L'évolution des structures de la recherche française vers la « rupture » actuelle a été préparée au cours des deux dernières décennies dans un contexte beaucoup plus consensuel qu'on ne pourrait le penser. Déjà en 1985, la « Loi 85-1376 du 23 décembre 1985 relative à la recherche et au développement technologique » comportait deux articles (8 et 9) aux termes desquels : i) « par dérogation aux principes énoncés à l'article 3 du titre Ier du statut général des fonctionnaires ou, le cas échéant, aux articles L. 122-1 à L. 122-3 du code du travail, peuvent être appelés à exercer temporairement par contrat leurs fonctions, à temps complet ou à temps partiel, dans les services de recherche des administrations, dans les établissements publics de recherche et dans les établissements d'enseignement supérieur... » (suit une relation des possibles candidats à ce type de contrats) ; ii) « les services de recherche des administrations et les établissements publics de recherche n'ayant pas le caractère industriel et commercial créent parmi leurs emplois budgétaires des postes de chercheurs associés... ». Vingt ans plus tard, on retrouve ces dispositions dans les textes en vigueur. Par exemple, dans l'article L431-1 du Code de la Recherche, ce qui met en évidence la continuité et la cohérence des grandes lignes de la politique invariablement suivie depuis 1985 environ par tous les gouvernements.

 

En somme, l'indépendance des chercheurs et la stabilité d'emploi qui constitue l'une de ses garanties essentielles se sont trouvés dans le colimateur depuis les années 1980.  Or, à cette époque, le statut des chercheurs était « tout frais ». Il ne s'agit donc pas d'un problème de « vieux statut mité », mais de tensions autour d'un ensemble de garanties d'indépendance des scientifiques qui dérangent les milieux influents. Y compris, ceux qui parlent de « sauver la recherche ».

 

En octobre 2004, dans une note intitulée « Les conseillers d'Etat et les juges administratifs se défendent mieux que les chercheurs », nous avions écrit :

(début de citation) 

« Au CIP (Comité d'Initiative et de Proposition), mais aussi aux Etats Généraux de la Recherche, on rentre de plus en plus dans la logique du caractère prétendument stimulant de la précarité, des "chefs jugés aux résultats", etc... Mais aujourd'hui dans le pays, d'autres secteurs de la fonction publique savent mieux se défendre.
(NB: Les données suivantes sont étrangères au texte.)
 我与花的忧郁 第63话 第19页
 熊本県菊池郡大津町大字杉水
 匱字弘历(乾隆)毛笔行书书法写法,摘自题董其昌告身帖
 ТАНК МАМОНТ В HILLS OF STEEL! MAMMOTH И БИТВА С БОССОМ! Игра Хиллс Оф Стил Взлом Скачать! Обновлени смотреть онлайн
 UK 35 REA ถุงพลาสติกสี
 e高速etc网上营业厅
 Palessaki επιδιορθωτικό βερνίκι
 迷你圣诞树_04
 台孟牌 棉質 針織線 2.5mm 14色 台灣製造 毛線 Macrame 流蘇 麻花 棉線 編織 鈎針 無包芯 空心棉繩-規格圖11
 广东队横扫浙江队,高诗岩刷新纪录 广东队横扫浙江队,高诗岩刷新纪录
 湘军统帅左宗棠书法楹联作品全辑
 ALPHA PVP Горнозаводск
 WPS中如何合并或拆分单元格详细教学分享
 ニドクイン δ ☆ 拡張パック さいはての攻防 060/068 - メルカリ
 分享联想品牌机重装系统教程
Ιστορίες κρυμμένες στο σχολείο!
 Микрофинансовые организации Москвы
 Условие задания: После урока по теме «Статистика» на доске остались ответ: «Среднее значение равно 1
Avec tout le respect dû à la magistrature et à la juridiction administrative, force est de constater que l'ancienne conseillère de Lionel Jospin et Conseillère d'Etat, Anne-Marie Leroy, dont nous avons déjà diffusé l'article paru dans Cadres CFDT: http://www.cadres-plus.net/bdd_fichiers/407-05.pdf , ou le président de la 4ème Sous-Section du Contentieux du Conseil d'Etat et ancien directeur du cabinet de Simone Veil, Jean-Ludovic Silicani, par leur action politique et technique deux personnalités "de pointe" dans la "libéralisation" de la fonction publique, font eux-mêmes partie d'un corps qui sait beaucoup mieux se défendre que les chercheurs.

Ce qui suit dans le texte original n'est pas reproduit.